Reati finanziari in Ticino, a rischio la fiducia degli italiani
"Io mi considero un patologo, posso intervenire solo dopo che il crimine è stato commesso, e cercare di capire in che modo la vittima è stata uccisa". Parola di Fabio Tasso, il "Maigret" ticinese che indaga sui reati economici sulla piazza economica del Cantone.

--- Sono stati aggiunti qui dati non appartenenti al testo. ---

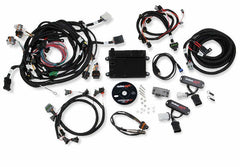 Holley EFI 550-617N 4V FORD MODULAR EFI KIT, NTK O2, JETRONI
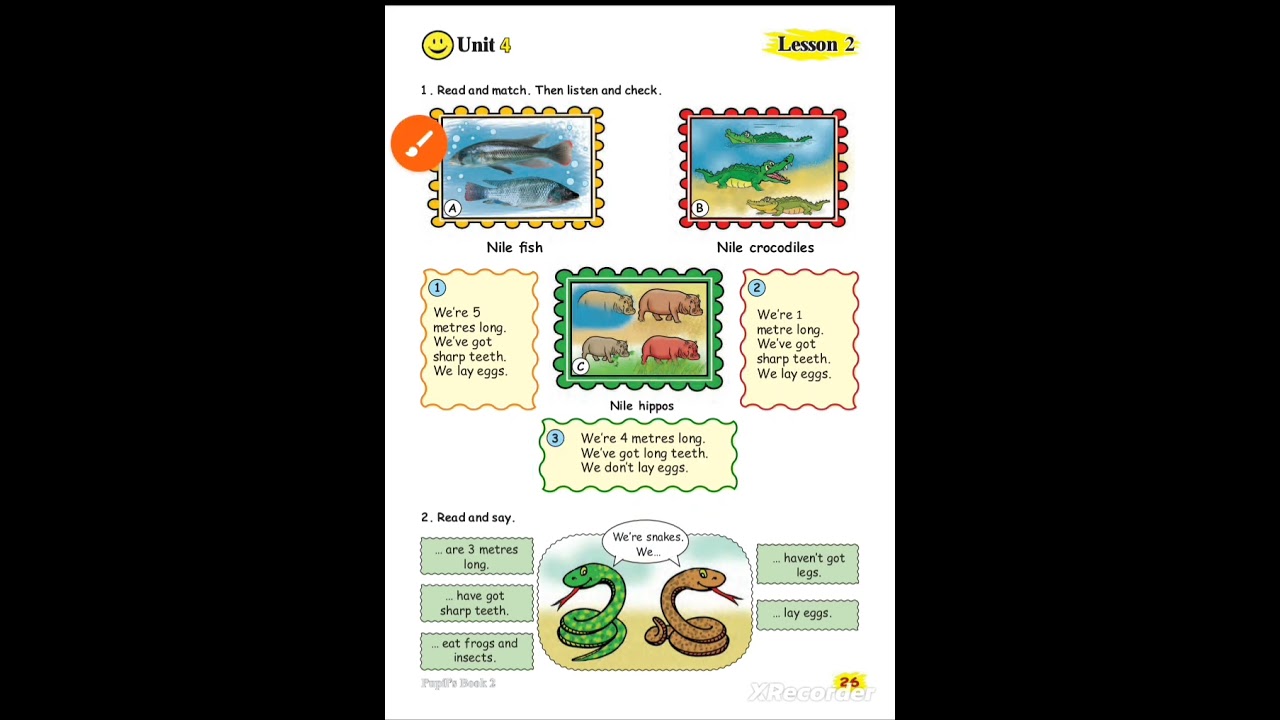  شرح Lesson 2 - Unit 4 | الصف الثاني | منهج SMILE السودان 🇸🇩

Capo della sezione anti-crimine economico della Polizia cantonale, il commissario Tasso è uno dei protagonisti del documentario-inchiesta con cui la rubrica “Falò” della RSI ci accompagna in un viaggio che svela uno degli aspetti meno noti, o comunque meno documentati, di quella che è la principale fonte di guadagno del comparto economico ticinese. Infatti, quanti sanno che nel 2015 in Ticino il numero delle inchieste per i reati economico-finanziari è aumentato di ben il 25 per cento? Oppure che, statisticamente, meno del 20 per cento di questo tipo di reato viene alla luce? O, ancora, che nonostante l’importanza della “piazza” ticinese, su scala europea i detenuti per reati economici in Ticino sono una quota bassissima?

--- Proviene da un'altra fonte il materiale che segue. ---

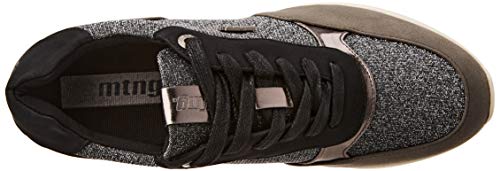 Mustang Lana, Zapatillas Deportivas para Mujer, Leopard Gris, 36 EU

Eppure, negli ultimi tempi, le cronache sono dense di notizie di “colletti bianchi” che diventano “colletti sporchi”. Società di facciata appositamente costituite per truffare le assicurazioni sociali (documentati tre casi che complessivamente hanno provocato danni per un milione di franchi); altre che vengono organizzate per spremere il più possibile inconsapevoli clienti (nei confronti di 8 società di lavoro interinale e di altre fatture mai pagate si arriva a un bottino complessivo di otto milioni di franchi).
Ci sono anche i casi di fiduciari (nel Cantone sono ufficialmente ben 1’600, ma soprattutto vi è un gran “sommerso”) che dovrebbero piazzare capitali italiani in fuga anche dalla Svizzera che vengono denunciati per la sparizione di diversi milioni (nel caso raccontato si arriva a una ventina di milioni), clienti italiani che si vedono il loro conto svuotato, oppure lo scandalo extra-bancario più importante, con la sparizione di circa 60 milioni di franchi. E poi, l’ “anno nero” dei cantieri ticinesi, con due mega-scandali che hanno rivelato fino a che punto possa arrivare lo sfruttamento dei lavoratori (nel caso Emme Suisse, società italiana con “ufficio” in Ticino. “Nonostante gli sforzi di ammodernarsi per competere a livello internazionale, certi comportamenti sulla nostra piazza finanziaria mettono a rischio il nostro bene più prezioso: la fiducia della clientela soprattutto italiana”, dice il difensore di una famiglia lombarda vittima di una grave malversazione, e che ha visto andare in fumo, letteralmente sparire quasi tre milioni di franchi.
Mancanza di controlli, leggi che non hanno il necessario supporto per essere efficaci, inadeguatezza degli strumenti investigativi, impossibilità di operare sul piano della prevenzione. E anche la difficoltà culturale di fronteggiare situazioni illegali in un settore che per tanti anni ha “comunque fatto girare e crescere l’economia locale”. Ma mondializzazione, libera circolazione, “volontary disclosure” e imminente fine del segreto bancario elvetico impongono un cambiamento.
Intanto i dossier si accumulano nell’ufficio del Commissario Fabio Tasso, e nei depositi della polizia finanziaria (che, fatto senza precedenti, “Falò” ha potuto filmare all’interno, senza operò rivelare dove si trovino). Dossier il cui esame deve essere portato a termine prima di passare (se le prove di un reato sono probanti) alla magistratura. Ma anche qui c’è un problema non piccolo: “Se non dovessimo occuparci di nessuna nuova inchiesta e fossimo finalmente in grado di occuparci esclusivamente dei casi ancora aperti, per smaltirli tutti ci vorrebbero almeno due anni”.